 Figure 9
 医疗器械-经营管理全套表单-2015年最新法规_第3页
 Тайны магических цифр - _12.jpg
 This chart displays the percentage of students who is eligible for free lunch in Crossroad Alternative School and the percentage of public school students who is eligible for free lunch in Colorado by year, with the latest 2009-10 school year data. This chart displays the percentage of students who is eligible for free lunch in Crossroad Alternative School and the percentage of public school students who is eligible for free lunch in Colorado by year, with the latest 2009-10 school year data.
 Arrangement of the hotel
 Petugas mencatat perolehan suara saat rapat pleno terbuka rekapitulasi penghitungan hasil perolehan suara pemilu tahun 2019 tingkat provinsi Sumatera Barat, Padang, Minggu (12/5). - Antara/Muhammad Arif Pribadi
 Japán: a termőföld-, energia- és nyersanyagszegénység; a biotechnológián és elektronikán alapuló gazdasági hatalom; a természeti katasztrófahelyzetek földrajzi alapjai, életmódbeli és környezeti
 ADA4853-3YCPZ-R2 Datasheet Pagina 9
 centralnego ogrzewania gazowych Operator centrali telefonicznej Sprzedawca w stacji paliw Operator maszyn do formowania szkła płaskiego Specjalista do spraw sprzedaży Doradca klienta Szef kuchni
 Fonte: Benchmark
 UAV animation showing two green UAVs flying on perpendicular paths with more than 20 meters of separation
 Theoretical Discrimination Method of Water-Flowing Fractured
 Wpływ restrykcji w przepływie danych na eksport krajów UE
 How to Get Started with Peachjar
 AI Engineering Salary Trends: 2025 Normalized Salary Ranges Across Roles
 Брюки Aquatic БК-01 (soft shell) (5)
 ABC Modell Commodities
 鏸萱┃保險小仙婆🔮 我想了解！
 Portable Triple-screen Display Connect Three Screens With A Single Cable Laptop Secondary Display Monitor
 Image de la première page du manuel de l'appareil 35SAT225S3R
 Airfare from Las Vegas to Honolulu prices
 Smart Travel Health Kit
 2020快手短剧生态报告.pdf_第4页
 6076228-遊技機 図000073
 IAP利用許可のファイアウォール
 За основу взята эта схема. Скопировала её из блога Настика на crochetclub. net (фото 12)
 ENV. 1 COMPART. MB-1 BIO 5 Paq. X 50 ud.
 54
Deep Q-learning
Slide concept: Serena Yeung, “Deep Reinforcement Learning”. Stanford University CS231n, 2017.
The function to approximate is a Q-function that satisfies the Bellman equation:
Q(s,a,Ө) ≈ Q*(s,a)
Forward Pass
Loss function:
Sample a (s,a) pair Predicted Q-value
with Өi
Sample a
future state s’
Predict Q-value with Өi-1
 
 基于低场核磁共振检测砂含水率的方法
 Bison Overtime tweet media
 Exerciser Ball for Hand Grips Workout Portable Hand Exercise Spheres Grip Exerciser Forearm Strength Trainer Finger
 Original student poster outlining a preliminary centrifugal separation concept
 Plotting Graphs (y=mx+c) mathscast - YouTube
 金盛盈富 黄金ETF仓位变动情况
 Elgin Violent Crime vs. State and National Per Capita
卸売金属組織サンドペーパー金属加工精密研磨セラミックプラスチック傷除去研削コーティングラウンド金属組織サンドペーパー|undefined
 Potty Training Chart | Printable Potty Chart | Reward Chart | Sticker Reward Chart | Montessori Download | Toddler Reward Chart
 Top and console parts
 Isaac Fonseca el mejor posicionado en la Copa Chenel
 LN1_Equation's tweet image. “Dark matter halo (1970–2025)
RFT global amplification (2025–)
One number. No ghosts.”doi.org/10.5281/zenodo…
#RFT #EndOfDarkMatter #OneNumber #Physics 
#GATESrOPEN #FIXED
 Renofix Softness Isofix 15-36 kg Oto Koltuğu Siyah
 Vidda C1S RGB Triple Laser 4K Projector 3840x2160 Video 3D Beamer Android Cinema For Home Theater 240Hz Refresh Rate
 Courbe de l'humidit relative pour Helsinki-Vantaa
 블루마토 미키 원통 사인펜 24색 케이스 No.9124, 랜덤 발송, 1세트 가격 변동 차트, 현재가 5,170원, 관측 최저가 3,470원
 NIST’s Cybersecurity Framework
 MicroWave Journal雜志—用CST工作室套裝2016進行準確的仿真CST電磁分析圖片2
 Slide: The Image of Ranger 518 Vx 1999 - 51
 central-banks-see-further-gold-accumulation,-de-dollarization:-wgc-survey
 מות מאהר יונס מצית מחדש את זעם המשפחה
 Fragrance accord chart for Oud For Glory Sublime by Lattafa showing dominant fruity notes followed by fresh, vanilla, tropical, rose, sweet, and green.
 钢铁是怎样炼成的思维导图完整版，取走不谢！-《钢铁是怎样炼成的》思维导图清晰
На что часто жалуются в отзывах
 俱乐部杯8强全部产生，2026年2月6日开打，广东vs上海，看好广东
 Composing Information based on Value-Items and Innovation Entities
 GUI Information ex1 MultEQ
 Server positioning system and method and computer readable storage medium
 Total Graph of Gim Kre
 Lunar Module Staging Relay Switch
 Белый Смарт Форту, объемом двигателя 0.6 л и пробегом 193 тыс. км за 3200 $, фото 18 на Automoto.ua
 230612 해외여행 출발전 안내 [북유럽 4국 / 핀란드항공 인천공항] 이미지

▸ **Assignment**: Show the lines above that have the word "separation".

▸ **Completed exercise**:
 UAV animation showing two green UAVs flying on perpendicular paths with more than 20 meters of separation
 Original student poster outlining a preliminary centrifugal separation concept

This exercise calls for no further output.